# Exercise prompt:
Set down, exactly as written, every line from the top of the records below to the line containing "Spa bathroom with", both ends included, and no others.

# Dataset entries:
━━━━━━━━

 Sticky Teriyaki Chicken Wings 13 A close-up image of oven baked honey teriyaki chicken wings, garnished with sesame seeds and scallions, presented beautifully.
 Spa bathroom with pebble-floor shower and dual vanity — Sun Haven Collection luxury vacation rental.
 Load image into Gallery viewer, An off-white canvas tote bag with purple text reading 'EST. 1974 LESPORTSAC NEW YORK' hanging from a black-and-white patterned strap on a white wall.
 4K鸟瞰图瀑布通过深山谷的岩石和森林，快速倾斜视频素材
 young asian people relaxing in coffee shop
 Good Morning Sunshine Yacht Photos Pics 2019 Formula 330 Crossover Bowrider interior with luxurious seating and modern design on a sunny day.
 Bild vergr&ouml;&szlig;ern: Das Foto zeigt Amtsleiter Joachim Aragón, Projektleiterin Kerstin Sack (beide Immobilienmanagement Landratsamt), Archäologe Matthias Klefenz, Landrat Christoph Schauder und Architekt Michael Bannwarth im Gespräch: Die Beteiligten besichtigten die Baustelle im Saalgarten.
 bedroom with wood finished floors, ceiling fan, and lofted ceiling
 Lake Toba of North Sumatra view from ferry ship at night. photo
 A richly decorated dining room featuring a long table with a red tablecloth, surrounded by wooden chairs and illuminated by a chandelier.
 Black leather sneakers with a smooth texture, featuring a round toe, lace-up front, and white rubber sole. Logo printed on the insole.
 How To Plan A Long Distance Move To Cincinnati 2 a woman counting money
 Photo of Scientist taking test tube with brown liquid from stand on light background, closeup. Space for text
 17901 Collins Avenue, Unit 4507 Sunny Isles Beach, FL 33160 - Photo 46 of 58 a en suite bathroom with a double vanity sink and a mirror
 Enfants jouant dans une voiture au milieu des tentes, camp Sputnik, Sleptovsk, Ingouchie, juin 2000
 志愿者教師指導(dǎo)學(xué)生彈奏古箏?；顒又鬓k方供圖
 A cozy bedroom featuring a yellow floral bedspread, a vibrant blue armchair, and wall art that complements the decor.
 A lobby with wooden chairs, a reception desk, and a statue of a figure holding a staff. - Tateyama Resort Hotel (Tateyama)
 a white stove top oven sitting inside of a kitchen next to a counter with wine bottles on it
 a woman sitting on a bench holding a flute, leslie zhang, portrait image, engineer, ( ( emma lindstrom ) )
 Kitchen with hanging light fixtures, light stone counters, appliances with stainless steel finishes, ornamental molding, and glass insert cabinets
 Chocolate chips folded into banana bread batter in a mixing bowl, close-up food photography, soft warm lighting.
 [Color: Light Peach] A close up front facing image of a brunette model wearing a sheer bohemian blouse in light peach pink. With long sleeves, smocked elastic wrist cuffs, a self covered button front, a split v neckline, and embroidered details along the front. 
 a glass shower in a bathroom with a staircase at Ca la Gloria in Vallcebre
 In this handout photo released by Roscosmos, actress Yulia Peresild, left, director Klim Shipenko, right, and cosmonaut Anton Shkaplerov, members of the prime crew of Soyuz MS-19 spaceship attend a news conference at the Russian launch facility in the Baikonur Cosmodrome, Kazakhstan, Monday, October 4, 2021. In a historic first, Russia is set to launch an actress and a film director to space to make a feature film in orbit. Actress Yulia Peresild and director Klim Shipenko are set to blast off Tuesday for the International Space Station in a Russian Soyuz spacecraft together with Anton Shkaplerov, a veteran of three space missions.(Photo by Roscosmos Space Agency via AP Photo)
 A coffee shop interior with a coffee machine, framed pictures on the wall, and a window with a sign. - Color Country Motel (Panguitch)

━━━━━━━━

# Response for this exercise:
 Sticky Teriyaki Chicken Wings 13 A close-up image of oven baked honey teriyaki chicken wings, garnished with sesame seeds and scallions, presented beautifully.
 Spa bathroom with pebble-floor shower and dual vanity — Sun Haven Collection luxury vacation rental.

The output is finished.